For Shakespeare, Anne was one more victim of Richard III’s tyranny. In Richard III, the hunchbacked King tells the audience, “I’ll marry Warwick’s youngest daughter./What, though I kill’d her husband and her father?” then makes clear that he will discard her once she has ceases to be of use to him. Jean Plaidy titled her novel about Anne Neville, The Reluctant Queen, presenting Anne as a retiring figure who preferred country life in the North of England to being Queen at Richard III’s court.
In The Sunne In Splendour: A Novel of Richard III, Sharon Kay Penman imagined Anne to be a gentle, romantic soul, devoted to Richard, her childhood sweetheart. The most recent novel about Anne Neville, The Kingmaker’s Daughter by Philippa Gregory presents a more assertive Anne, determined to escape her previous experiences as a political pawn by marriage to the future Richard III.
In Anne Neville: Richard III’s Tragic Queen, Amy License, author of In Bed with the Tudors, Royal Babies and Elizabeth of York: The Forgotten Queen reveals just how much of these interpretations consists of pure speculation. There is no evidence that Anne was a victim, a romantic, a pawn or a reluctant queen. Instead, she may well have been Richard III’s Lady Macbeth, urging her husband to usurp to throne so that she could have the crown she had expected during her first marriage and revenge against the Woodvilles who had long been enemies of the Neville family.
One of the reasons why Richard III remains a controversial figure today is because his usurpation of his nephew Edward V’s throne appears out of character when compared to his years of loyal service to his elder brother, Edward IV. There is also little evidence of direct conflict between Richard and his sister-in-law’s family, the Woodvilles, before Edward V’s ascension. In contrast, Anne’s father, the Earl of Warwick opposed the marriage of Edward IV and Elizabeth Woodville from the beginning and Elizabeth reputedly feared that the marriages of the Neville daughters to the King’s brothers would make Warwick too powerful and encouraged her husband to withhold his consent. Richard III’s motives may never be known with certainty but it is certainly possible that the rivalry between the Woodvilles and the Nevilles influenced his decision to seize power in 1483.
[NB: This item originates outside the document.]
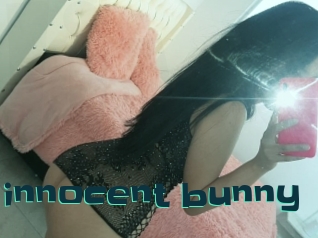 Little_innocent_bunny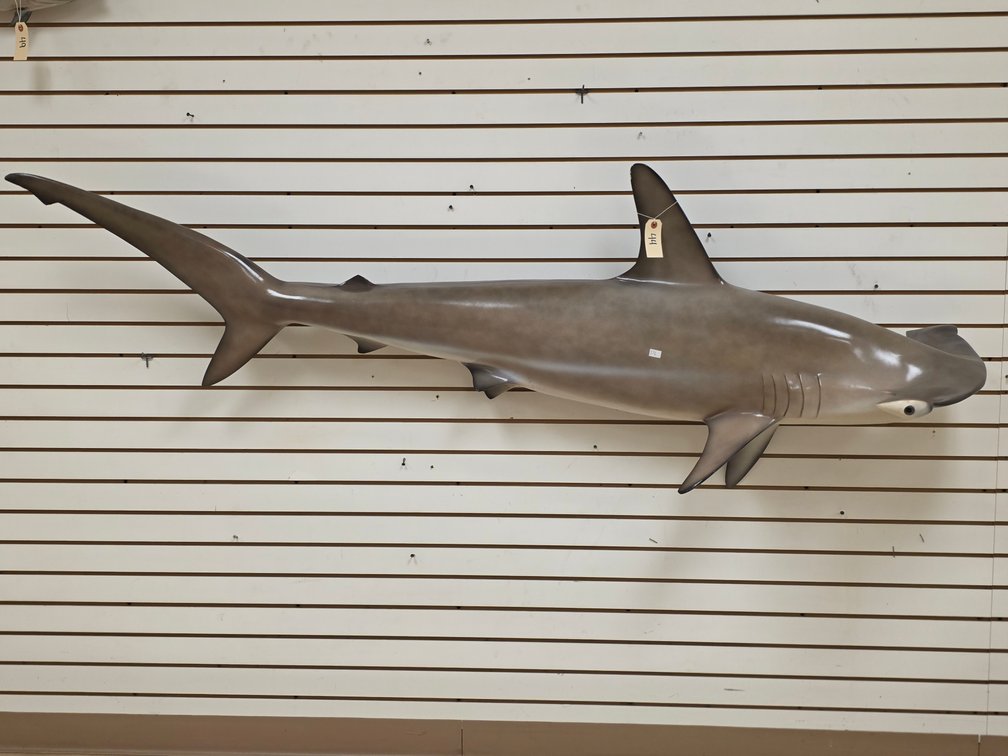 Hammer Head Shark Full Body Mount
One of the most interesting sections of Licence’s book is her treatment of Anne’s short first marriage to Edward of Westminster, the only child of Henry VI and Marguerite of Anjou. Although Shakespeare imagined that Anne mourned her first husband, subsequent historians and novelists assumed that this young man who, according to one ambassador “already talks of nothing but cutting off heads or making war” must have been repugnant to her. License argues that Edward’s interest in warfare was perfectly in keeping with the times and Anne’s first marriage offered her a chance to wear a crown. Anne’s time as the daughter-in-law of the ruthless Marguerite, and her marriage to a direct heir to the throne may have influenced her subsequent ambitions for Richard.
In addition to her informed speculation about Anne’s marriages, motives and influence on Richard III, Licence also provides a rich social history of English noble life during the Wars of the Roses. The book contains images of the castles where Anne lived and detailed descriptions of the education and daily life of noblewomen of the period. License provides a particularly vivid description of Anne’s sister Isabel’s establishment as Duchess of Clarence, where Anne lived during her brief widowhood. There is not enough evidence to indicate whether Richard or Anne first raised the possibility of marriage but the setting of their courtship comes alive in License’s work.
Anne Neville: Richard III’s Tragic Queen is a fascinating reassessment of one of England’s most obscure Queens. License argues that historians, novelists and playwrights may have underestimated Anne by portraying her as a victim or pawn. At a time when royal women such as Elizabeth Woodville and Marguerite of Anjou exercised a profound influence over the course of the Wars of the Roses, Anne may have aspired to become queen and wield power through her husband. There is not enough evidence to determine the full extent of Anne’s influence over Richard III but she may well have been closely involved in his rise to power.